Muitos desses projetos requerem busca e pesquisa de informações em vários órgãos do governo e as respostas,  em geral, não são instantâneas.

O período atual, época pré – eleitoral, está a exigir a atenção e o tempo dos deputados para negociar chapas em suas bases eleitorais, para as eleições de outubro. Falta tempo, e eles terão mais de um foco de atenção.

Pelo que se pode depreender: três desses projetos referem-se a aumentos de arrecadação, via taxas etc. ; a maioria dos demais projetos representa aumento de despesas; além disso, nenhum projeto refere-se à redução de custos da máquina estatal.

Com relação à criação da empresa pública de Rodovias S/A, lembro apenas dois pontos:  o DAER, desde o governo Collares, vem administrando pedágios e tem experiência. O DAER, por força dos poucos investimentos que vêm sendo realizados nos últimos anos, provavelmente não está operando em plena capacidade.

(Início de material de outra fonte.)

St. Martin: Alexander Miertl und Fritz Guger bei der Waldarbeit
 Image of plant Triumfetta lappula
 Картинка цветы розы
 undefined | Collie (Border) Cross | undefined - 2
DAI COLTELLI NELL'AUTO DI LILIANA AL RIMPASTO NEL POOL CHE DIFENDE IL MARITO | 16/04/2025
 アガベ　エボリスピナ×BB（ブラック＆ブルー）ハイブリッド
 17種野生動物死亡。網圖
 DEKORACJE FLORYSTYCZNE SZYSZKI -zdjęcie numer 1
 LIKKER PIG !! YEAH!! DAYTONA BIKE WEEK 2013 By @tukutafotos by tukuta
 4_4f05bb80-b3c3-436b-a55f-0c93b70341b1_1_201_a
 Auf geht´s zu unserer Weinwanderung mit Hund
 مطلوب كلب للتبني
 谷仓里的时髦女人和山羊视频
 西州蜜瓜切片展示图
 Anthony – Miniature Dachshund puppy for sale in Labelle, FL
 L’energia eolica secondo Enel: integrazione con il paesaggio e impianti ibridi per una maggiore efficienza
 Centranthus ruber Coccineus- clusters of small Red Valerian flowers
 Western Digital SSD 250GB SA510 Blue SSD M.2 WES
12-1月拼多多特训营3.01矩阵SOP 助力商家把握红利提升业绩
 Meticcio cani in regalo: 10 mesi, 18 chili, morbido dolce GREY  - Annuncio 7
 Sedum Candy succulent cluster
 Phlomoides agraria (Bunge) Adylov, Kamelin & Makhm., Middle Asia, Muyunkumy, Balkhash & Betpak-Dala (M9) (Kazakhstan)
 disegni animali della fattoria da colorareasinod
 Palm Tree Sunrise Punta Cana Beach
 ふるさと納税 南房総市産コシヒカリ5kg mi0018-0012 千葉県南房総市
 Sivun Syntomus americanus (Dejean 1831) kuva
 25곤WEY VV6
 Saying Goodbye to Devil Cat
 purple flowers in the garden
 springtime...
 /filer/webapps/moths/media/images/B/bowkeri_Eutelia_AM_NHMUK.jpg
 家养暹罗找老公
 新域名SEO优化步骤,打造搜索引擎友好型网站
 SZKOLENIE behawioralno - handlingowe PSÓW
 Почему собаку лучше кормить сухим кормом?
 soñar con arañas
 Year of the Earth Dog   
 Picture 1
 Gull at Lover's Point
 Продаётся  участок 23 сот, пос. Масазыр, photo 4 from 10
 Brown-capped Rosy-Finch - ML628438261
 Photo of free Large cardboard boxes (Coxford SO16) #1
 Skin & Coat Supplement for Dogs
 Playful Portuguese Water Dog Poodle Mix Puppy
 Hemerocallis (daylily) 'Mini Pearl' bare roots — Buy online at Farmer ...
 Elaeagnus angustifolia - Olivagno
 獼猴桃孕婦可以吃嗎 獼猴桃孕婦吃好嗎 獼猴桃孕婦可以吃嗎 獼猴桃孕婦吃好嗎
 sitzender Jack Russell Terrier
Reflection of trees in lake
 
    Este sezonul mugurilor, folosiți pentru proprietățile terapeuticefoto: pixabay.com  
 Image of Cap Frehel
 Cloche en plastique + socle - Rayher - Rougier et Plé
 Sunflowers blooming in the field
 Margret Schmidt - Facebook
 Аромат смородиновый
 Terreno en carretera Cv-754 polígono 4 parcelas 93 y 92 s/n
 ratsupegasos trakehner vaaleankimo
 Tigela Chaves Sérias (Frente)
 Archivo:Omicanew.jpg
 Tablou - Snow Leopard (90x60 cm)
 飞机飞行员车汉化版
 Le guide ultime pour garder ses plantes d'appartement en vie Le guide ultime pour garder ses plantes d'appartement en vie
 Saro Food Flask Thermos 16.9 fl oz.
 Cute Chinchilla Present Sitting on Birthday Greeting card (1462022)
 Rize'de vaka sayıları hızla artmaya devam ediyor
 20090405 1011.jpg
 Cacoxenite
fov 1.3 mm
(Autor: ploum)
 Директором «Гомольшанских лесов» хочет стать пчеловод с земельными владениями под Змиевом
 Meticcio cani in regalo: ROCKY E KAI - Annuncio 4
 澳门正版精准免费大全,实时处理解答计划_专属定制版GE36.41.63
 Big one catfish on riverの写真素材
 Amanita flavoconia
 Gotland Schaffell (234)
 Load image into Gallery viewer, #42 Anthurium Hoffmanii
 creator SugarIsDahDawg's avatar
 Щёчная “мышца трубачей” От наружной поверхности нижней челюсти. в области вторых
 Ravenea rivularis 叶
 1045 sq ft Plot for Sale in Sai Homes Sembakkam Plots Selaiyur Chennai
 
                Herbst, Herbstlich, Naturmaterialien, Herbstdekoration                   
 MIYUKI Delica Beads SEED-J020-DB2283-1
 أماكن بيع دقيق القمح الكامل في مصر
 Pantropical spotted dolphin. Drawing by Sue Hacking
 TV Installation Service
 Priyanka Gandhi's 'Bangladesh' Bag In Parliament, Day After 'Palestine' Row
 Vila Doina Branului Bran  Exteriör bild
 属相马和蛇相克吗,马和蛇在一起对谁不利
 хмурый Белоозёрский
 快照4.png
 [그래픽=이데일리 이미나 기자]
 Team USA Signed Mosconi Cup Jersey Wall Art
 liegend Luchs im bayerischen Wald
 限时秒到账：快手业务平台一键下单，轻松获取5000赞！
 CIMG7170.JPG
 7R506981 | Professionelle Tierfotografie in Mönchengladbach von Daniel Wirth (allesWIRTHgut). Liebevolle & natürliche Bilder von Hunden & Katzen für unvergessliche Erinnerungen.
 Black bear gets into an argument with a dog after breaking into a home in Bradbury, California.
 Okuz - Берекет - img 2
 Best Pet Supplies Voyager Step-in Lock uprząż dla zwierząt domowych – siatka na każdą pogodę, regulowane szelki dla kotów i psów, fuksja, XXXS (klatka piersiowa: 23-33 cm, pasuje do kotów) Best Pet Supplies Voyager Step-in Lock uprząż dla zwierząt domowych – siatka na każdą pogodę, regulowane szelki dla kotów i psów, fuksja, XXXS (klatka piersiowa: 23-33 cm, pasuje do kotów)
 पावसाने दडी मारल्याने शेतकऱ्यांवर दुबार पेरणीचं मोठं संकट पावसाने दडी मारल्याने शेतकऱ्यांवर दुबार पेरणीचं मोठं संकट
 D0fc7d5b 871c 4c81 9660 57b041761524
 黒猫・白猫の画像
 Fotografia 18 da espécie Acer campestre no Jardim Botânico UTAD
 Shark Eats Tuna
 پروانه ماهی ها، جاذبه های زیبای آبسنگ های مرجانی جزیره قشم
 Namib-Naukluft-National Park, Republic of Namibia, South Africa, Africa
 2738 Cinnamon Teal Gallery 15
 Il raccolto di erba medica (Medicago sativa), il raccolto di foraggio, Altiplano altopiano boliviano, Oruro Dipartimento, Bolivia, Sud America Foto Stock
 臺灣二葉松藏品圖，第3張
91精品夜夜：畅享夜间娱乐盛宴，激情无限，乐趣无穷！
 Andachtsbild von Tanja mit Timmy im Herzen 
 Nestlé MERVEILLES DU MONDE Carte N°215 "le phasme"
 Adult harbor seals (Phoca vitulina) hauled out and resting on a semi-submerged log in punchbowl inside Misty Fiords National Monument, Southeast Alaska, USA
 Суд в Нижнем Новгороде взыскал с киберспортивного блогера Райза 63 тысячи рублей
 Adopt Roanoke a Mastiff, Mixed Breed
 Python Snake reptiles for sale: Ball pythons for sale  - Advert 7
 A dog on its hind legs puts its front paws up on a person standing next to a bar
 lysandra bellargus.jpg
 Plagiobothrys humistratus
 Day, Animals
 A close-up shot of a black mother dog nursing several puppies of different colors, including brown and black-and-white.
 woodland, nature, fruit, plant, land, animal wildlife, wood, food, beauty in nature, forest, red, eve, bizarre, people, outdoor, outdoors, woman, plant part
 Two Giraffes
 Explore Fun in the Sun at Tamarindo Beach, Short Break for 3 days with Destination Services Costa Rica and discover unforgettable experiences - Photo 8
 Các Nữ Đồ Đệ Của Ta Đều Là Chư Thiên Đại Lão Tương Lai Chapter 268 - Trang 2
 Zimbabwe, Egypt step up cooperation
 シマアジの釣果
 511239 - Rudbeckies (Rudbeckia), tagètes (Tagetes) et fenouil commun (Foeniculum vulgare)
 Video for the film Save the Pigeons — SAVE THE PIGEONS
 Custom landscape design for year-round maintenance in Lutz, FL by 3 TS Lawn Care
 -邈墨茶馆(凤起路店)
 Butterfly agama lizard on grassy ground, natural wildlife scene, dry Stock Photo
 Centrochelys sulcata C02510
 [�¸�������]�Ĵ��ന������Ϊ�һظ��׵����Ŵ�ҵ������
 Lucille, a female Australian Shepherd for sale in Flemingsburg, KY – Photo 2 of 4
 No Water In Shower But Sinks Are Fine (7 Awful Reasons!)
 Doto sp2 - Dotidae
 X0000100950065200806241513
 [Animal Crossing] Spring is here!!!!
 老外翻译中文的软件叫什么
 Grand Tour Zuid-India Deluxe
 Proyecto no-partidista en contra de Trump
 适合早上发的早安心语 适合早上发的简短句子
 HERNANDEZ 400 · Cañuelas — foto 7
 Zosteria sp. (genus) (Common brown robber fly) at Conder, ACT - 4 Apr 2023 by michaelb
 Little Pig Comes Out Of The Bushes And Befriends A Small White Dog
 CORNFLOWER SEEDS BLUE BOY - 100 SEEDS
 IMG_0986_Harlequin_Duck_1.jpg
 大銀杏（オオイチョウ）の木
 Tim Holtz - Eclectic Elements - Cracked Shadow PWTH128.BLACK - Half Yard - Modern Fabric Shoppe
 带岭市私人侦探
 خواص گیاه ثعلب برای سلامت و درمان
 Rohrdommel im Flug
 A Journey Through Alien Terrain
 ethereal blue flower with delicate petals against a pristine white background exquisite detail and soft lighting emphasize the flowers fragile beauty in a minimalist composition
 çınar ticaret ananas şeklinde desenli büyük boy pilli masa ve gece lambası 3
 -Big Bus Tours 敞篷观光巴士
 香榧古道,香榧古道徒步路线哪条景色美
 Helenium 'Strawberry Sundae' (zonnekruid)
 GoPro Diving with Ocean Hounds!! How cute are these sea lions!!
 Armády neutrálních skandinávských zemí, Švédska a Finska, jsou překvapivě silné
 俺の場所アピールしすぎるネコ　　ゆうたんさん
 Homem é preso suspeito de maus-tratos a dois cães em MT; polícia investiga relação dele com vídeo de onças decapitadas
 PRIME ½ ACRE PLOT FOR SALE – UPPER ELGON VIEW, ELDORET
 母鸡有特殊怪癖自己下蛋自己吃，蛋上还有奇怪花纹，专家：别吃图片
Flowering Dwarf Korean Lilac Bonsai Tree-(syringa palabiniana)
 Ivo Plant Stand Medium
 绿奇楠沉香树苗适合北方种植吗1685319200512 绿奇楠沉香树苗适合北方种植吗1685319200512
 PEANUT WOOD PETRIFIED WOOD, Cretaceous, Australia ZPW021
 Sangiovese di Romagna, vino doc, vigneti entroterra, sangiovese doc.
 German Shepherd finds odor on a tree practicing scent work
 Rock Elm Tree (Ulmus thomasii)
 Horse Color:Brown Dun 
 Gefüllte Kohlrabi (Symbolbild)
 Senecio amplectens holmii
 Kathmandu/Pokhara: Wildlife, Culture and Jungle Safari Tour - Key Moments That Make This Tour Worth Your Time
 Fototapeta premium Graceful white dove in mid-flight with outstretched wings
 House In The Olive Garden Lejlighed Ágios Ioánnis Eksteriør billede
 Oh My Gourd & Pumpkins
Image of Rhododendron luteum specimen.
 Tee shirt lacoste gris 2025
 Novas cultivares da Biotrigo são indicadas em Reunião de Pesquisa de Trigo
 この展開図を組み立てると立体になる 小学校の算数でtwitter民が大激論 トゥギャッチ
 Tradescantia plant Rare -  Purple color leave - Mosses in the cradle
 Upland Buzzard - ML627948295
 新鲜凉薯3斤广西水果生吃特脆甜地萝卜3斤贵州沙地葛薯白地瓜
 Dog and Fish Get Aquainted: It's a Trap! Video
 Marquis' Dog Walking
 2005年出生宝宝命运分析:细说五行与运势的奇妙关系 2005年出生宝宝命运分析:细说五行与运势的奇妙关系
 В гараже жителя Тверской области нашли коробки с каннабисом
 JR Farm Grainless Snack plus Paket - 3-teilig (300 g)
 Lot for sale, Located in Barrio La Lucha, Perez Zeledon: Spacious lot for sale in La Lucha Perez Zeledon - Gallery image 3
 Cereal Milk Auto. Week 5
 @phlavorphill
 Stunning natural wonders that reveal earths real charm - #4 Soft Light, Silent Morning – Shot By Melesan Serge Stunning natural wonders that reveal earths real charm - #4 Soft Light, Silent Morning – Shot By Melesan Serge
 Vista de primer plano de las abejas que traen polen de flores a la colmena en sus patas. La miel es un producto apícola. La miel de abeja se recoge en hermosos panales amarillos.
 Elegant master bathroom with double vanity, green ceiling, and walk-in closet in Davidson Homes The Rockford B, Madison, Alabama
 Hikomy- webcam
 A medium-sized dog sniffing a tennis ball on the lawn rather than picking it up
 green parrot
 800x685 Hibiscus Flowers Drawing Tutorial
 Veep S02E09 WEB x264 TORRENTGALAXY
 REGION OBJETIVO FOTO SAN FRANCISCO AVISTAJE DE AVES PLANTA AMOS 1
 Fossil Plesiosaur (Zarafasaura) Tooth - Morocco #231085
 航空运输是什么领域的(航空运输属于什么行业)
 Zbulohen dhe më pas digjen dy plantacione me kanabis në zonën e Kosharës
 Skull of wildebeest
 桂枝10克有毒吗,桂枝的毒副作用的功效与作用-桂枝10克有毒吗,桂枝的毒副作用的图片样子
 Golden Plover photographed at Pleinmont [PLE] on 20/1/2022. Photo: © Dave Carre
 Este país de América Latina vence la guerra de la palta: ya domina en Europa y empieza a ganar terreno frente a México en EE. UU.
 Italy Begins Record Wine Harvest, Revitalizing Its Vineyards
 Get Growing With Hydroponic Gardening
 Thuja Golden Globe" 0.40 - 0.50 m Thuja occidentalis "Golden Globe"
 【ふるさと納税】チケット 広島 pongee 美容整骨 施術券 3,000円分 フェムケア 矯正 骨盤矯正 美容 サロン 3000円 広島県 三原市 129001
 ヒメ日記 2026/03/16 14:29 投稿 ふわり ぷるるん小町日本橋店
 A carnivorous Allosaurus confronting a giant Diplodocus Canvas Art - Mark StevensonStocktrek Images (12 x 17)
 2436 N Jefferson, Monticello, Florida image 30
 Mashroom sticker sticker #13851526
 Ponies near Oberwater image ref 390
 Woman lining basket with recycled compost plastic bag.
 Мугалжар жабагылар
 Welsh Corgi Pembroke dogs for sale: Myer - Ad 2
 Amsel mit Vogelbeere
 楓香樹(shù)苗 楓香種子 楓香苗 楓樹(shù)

Dessa forma, se aprovados todos esses projetos, qual será o custo benefício anual, e qual será o custo nos próximos cinco ou dez anos? Se já somos o estado que menos investe no Brasil (mais ou menos 4%) da arrecadação, de onde sairão esses recursos?

É difícil essa missão dos deputados. Como a “base aliada” do governo tem maioria absoluta na Assembléia, é provável que os projetos sejam aprovados, o que acarretará uma fragorosa derrota à oposição, E isso sem contar que os  maiores derrotados serão os onze milhões de habitantes do RS, que pagarão essas contas pelo resto de seus dias e gerações.